WEGR
- Arlington, Tennessee; United States;
- Broadcast area: Memphis metropolitan area
- Frequency: 102.7 MHz (HD Radio)
- Branding: 102.7 Kiss FM

Programming
- Format: Hot adult contemporary
- Subchannels: HD2: Talk radio (WREC)
- Affiliations: Premiere Networks

Ownership
- Owner: iHeartMedia, Inc.; (iHM Licenses, LLC);
- Sister stations: KJMS, KWNW, WDIA, WHAL-FM, WHRK, WREC

History
- First air date: March 1967
- Former call signs: WREC-FM (1967–1975); WZXR (1975–1986);

Technical information
- Licensing authority: FCC
- Facility ID: 58397
- Class: C1
- ERP: 100,000 watts
- HAAT: 287 meters (942 ft)
- Transmitter coordinates: 35°16′33″N 89°46′38″W﻿ / ﻿35.275917°N 89.777306°W

Links
- Public license information: Public file; LMS;
- Webcast: Listen live (via iHeartRadio)
- Website: 1027kissfm.iheart.com

= WEGR =

WEGR (102.7 FM) is a commercial radio station licensed to Arlington, Tennessee, United States, and serving the Memphis metropolitan area, including sections of Tennessee, Arkansas, Missouri and Mississippi. WEGR airs a hot adult contemporary format and calls itself "102.7 Kiss FM". It is owned by iHeartMedia with studios on Thousand Oaks Boulevard in Southeast Memphis.

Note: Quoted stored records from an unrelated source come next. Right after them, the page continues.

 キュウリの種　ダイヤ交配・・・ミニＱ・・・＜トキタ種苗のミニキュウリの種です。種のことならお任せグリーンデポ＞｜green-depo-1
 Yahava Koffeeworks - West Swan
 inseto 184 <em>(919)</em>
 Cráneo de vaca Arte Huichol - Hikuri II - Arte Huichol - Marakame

WEGR's transmitter is on Brief Road in Brunswick, Tennessee. WEGR broadcasts in HD Radio; the HD2 subchannel simulcasts WREC.

==History==
The station signed on the air in March 1967. The original call sign was WREC-FM and it mostly simulcast co-owned WREC 600 AM. In December 1975, the station went to an automated country music format with the call sign WZXR. On September 25, 1977, the station switched to AOR (album oriented rock). Except for a brief flirtation with Top 40 in 1985 and 1986, the station played some form of rock until 2023.

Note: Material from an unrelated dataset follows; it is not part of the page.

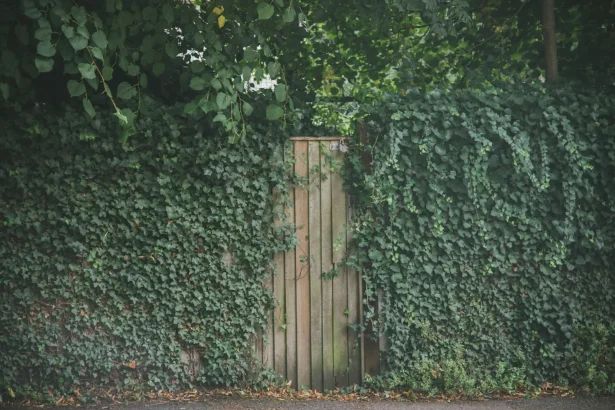 Wooden gate surrounded by dense green ivy creates a secret garden vibe in London.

Known as "Rock 103", WEGR had been consistently programmed with a classic rock format for more than 40 years. Its mascot was a walrus, which saw numerous incarnations. For a brief period, the station was promoted as "The Eagle", in an attempt to create a brand from the call sign.

For many years, WEGR's studio was located at historic 203 Beale Street. It was moved in 2003 to a facility shared by other area iHeartMedia broadcast stations.

On May 3, 2023, at 5PM, WEGR swapped frequencies with sister station KWNW, becoming the new home of "Kiss FM", marking the end of rock on 102.7 after nearly 50 years. The swap was made due to the pending demise of WMC-FM. The first song on "Kiss FM" after the swap was "Can't Stop the Feeling" by Justin Timberlake.